Thread: OSS database needed for testing

OSS database needed for testing

From
Josh Berkus
Date:
Folks,

Please pardon the cross-posting.

A small group of us on the Performance list were discussing the first steps
toward constructing a comprehensive Postgresql installation benchmarking
tool, mostly to compare different operating systems and file systemsm but
later to be used as a foundation for a tuning wizard.

To do this, we need one or more real (not randomly generated*) medium-large
database which is or can be BSD-licensed (data AND schema).   This database
must have:

1) At least one "main" table with 12+ columns and 100,000+ rows (each).
2) At least 10-12 additional tables of assorted sizes, at least half of which
should have Foriegn Key relationships to the main table(s) or each other.
3) At least one large text or varchar field among the various tables.

In addition, the following items would be helpful, but are not required:
4) Views, triggers, and functions built on the database
5) A query log of database activity to give us sample queries to work with.
6) Some complex data types, such as geometric, network, and/or custom data
types.

Thanks for any leads you can give me!

(* To forestall knee-jerk responses:  Randomly generated data does not look or
perform the same as real data in my professional opinion, and I'm the one
writing the test scripts.)

--
-Josh Berkus
 Aglio Database Solutions
 San Francisco


Re: [HACKERS] OSS database needed for testing

From
pgsql@mohawksoft.com
Date:
I don't know that it meets your criteria, but.....

I have a set of scripts and a program that will load the US Census TigerUA
database into PostgreSQL. The thing is absolutely freak'n huge. I forget
which, but it is either 30g or 60g of data excluding indexes.

Also, if that is too much, I have a similar setup to load the FreeDB music
database, from www.freedb.org.

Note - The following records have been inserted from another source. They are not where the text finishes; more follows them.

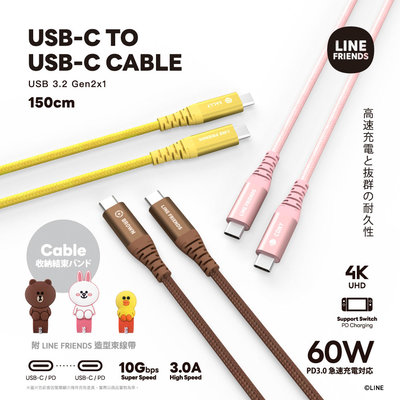 LINE FRIENDS USB-C to USB-C 1.5m 傳輸線 編織線 4K HUD PD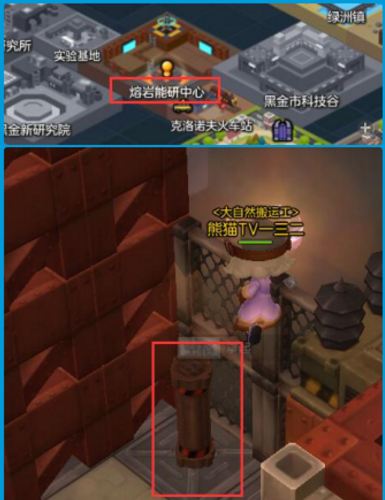 冒险岛2水管在哪儿找 冒险岛2水管也能成为武器攻略
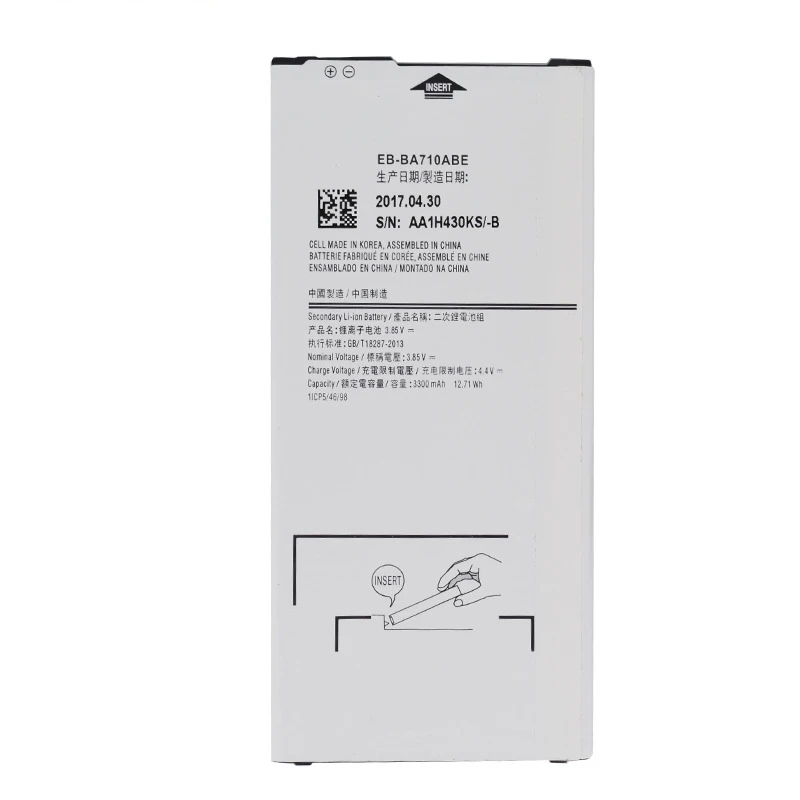 Аккумулятор для мобильного телефона, аккумуляторная батарея большой емкости для samsung galaxy A710 A7 2016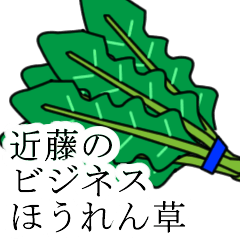 [LINEスタンプ] 近藤のビジネスほうれん草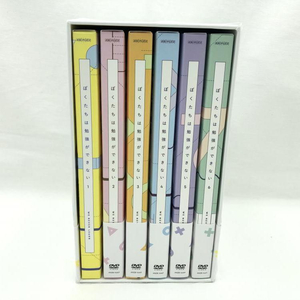 【中古】DVD版/ぼくたちは勉強ができない!(第1期/完全生産限定版)全6巻セット [2400690845802]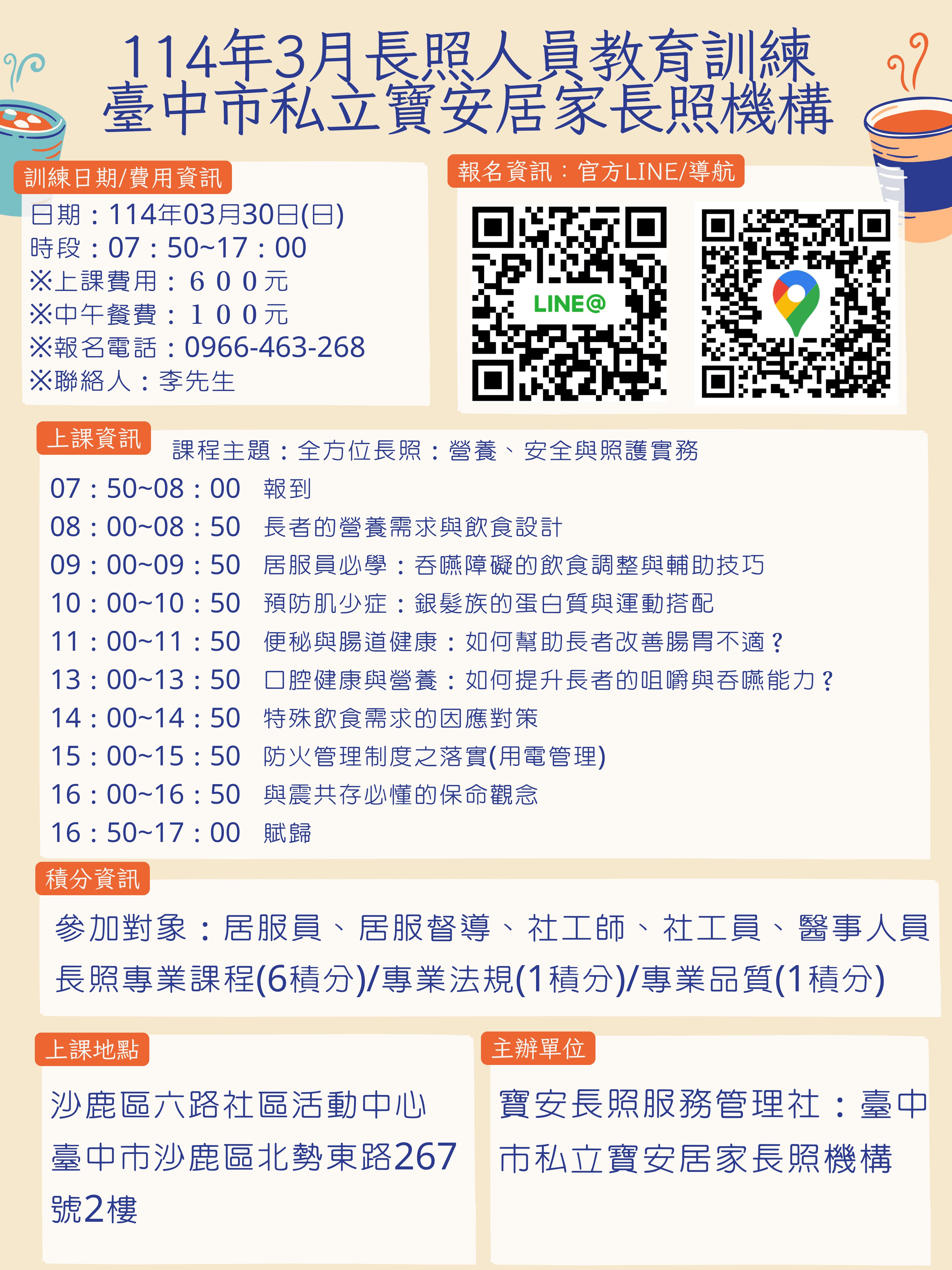 全方位長照:營養、安全與照護實務-刊登平台:長照喵-長照課程活動平台|長照繼續教育6年120積分課程優先曝光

It has roughly 670,000 entries in "cdtitles"
and 8 million entries in "cdsongs."

Either one of which, I would be willing to send you the actual DB on cd(s)
if you pay for postage and media.


> Folks,
>
> Please pardon the cross-posting.
>
> A small group of us on the Performance list were discussing the first
> steps  toward constructing a comprehensive Postgresql installation
> benchmarking  tool, mostly to compare different operating systems and
> file systemsm but  later to be used as a foundation for a tuning
> wizard.
>
> To do this, we need one or more real (not randomly generated*)
> medium-large  database which is or can be BSD-licensed (data AND
> schema).   This database  must have:
>
> 1) At least one "main" table with 12+ columns and 100,000+ rows (each).
> 2) At least 10-12 additional tables of assorted sizes, at least half of
> which  should have Foriegn Key relationships to the main table(s) or
> each other. 3) At least one large text or varchar field among the
> various tables.
>
> In addition, the following items would be helpful, but are not
> required: 4) Views, triggers, and functions built on the database
> 5) A query log of database activity to give us sample queries to work
> with. 6) Some complex data types, such as geometric, network, and/or
> custom data  types.
>
> Thanks for any leads you can give me!
>
> (* To forestall knee-jerk responses:  Randomly generated data does not
> look or  perform the same as real data in my professional opinion, and
> I'm the one  writing the test scripts.)
>
> --
> -Josh Berkus
>  Aglio Database Solutions
>  San Francisco
>
>
> ---------------------------(end of
> broadcast)--------------------------- TIP 1: subscribe and unsubscribe
> commands go to majordomo@postgresql.org


Re: [HACKERS] OSS database needed for testing

From
Bruno Wolff III
Date:
On Thu, Apr 03, 2003 at 13:26:01 -0500,
  pgsql@mohawksoft.com wrote:
> I don't know that it meets your criteria, but.....
>
> I have a set of scripts and a program that will load the US Census TigerUA
> database into PostgreSQL. The thing is absolutely freak'n huge. I forget
> which, but it is either 30g or 60g of data excluding indexes.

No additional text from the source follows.